Try it:
Reproduce the data below in full and exclude every picture.

+ + + +

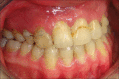 Figure 21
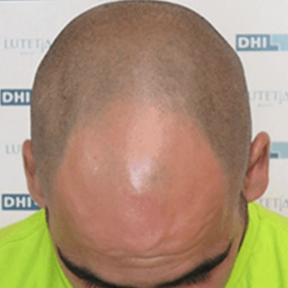 Before DHI hair transplant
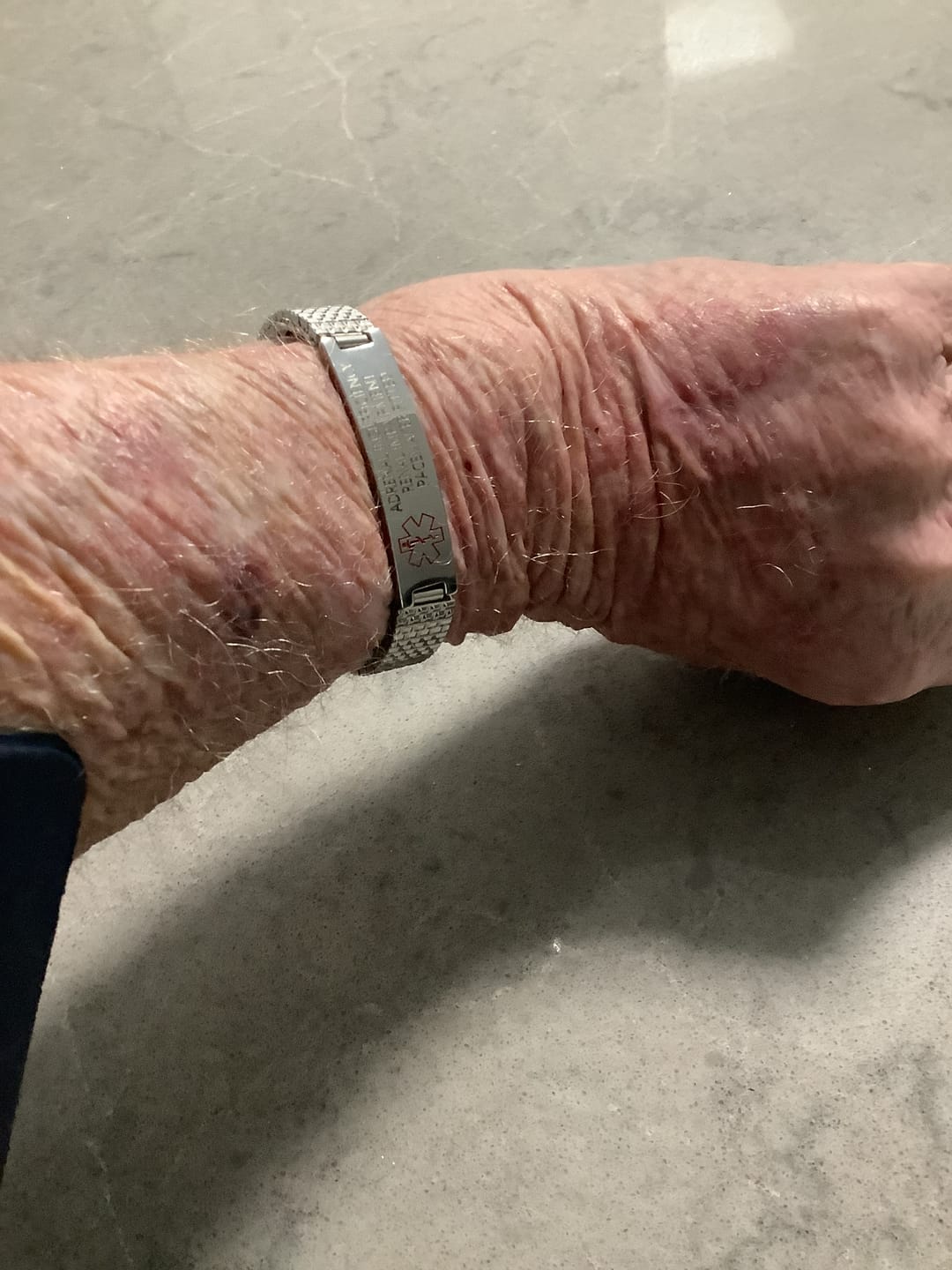 Customer photo review of Stainless Steel Medical Alert ID Stretchable Bracelet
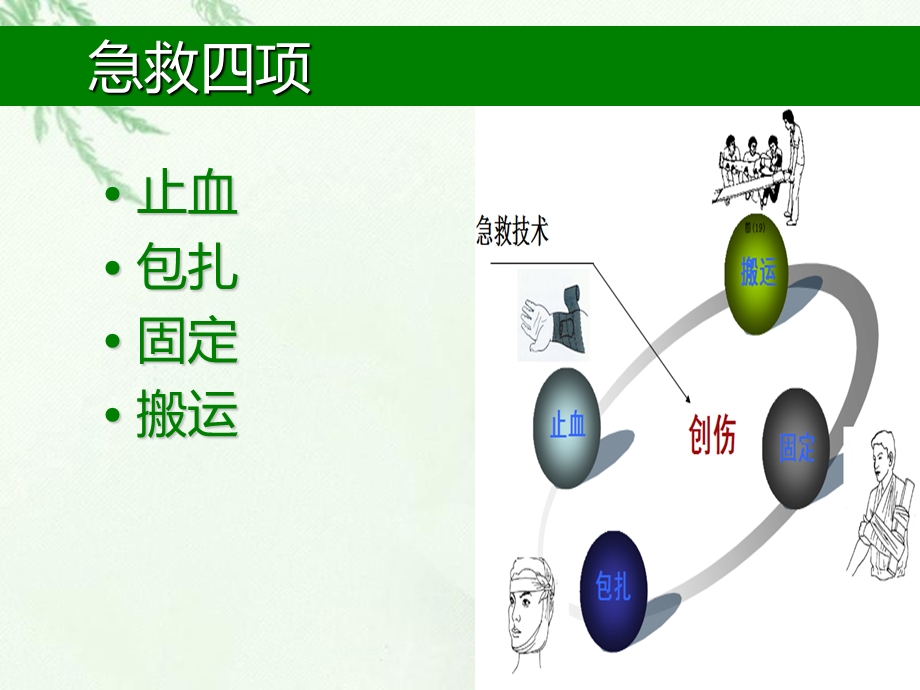 急救四项之止血和包扎2021完整版课件.ppt_第2页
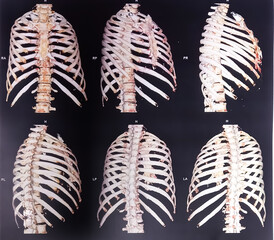 3D CT scan Bony thorax, Multiple fractures are present. Sternal bone fractures with bilateral...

+ + + +

Written answer:
 Figure 21
 Before DHI hair transplant
 Customer photo review of Stainless Steel Medical Alert ID Stretchable Bracelet
 急救四项之止血和包扎2021完整版课件.ppt_第2页
 3D CT scan Bony thorax, Multiple fractures are present. Sternal bone fractures with bilateral...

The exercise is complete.